SOCIEDAD › LAS PELEAS A LA SALIDA DE LOS BOLICHES CONTADAS POR SUS PROTAGONISTAS

La guerra de la noche

Una mirada, un levante, un roce, lo mismo da para empezar las peleas que cada vez más derivan en muertes. Aquí, los propios jóvenes explican sus códigos, inexplicables para no iniciados.

 Por Alejandra Dandan

Dicen que el dueño del puesto de choripanes les cobra dos pesos para guardarles las armas. Antes de entrar al boliche, dejan las facas enrolladas en camisetas. O dejan trinchetas. O “tumberas”, las pistolas caseras armadas con caños huecos de bicicleta. El de los choripanes es un tipo de confianza: se las guarda por dos pesos y jamás revisa lo que contienen. Los pibes recogen las “camisetas” a la salida del baile como a la campera depositada en los guardarropas para protegerse del frío. Llevan las armas para matar o morir. Para jugarse “a fondo”, dicen, en riñas donde lo que se juega no sólo parece ser la supervivencia. Pelean por el territorio. Se cruzan en las pistas con las bandas de distintos barrios que pueblan el segundo cordón del conurbano, aquella zona desde donde han pululado casos de muertes violentas a la salida de las discos durante las últimas semanas. Las discos son uno de sus pocos territorios de inclusión. Y la inclusión es un derecho resistido que, parece, se gana a las trompadas: “Si no peleás –dicen–, no cumpliste la noche”.
Ninguno de los entrevistados se sorprende de sus noches aunque parecen el mismísimo camino hacia los sótanos del infierno.
–¿Yo, miedo por mi hija?

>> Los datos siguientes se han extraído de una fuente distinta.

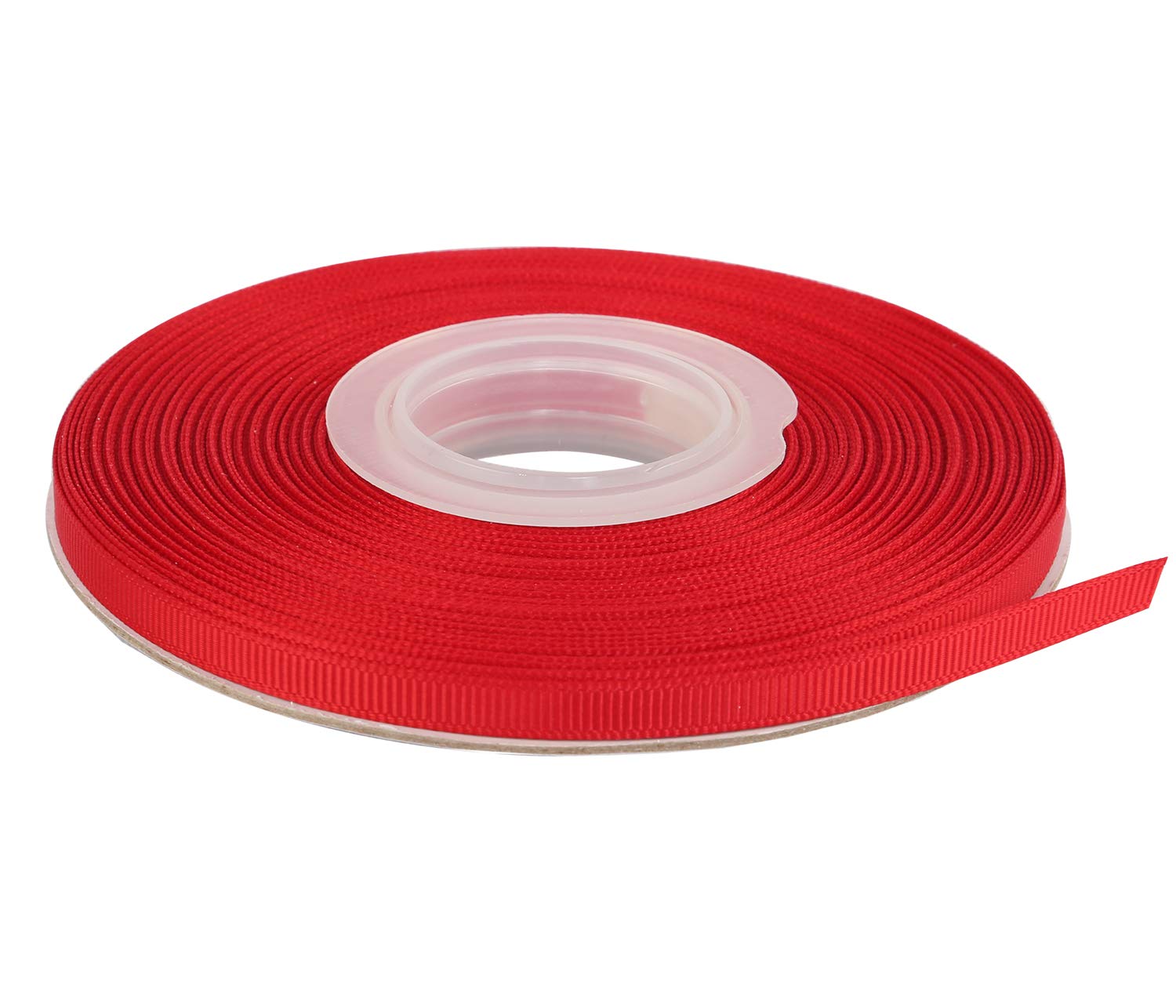 Ribbonitlux 6mm Wide Solid Grosgrain Ribbon 22 Meters (250-Red, Set for Gift Wrapping, Party Decor, Sewing Applications, Wedding and Craft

Te digo la verdad –dice Soledad–: no. De mi hijo, sí. Prefiero que vaya al baile con ella; si tiene que cagarse a trompadas con cuatro o cinco, se caga a trompadas. Mi hija, no.
Sus hijos viven entre el límite de José C. Paz y Moreno, en el oeste de la provincia de Buenos Aires. Son parte de la población que peregrina los fines de semana hacia el centro de José C. Paz para meterse en alguno de los territorios de la noche. Las bailantas o las discos. Esos espacios semejantes a los que pueblan La Matanza, Lomas de Zamora o los barrios de la Ciudad de Buenos Aires donde los pibes conocen hasta los horarios de salidas de las discos como para esquivarle a la muerte.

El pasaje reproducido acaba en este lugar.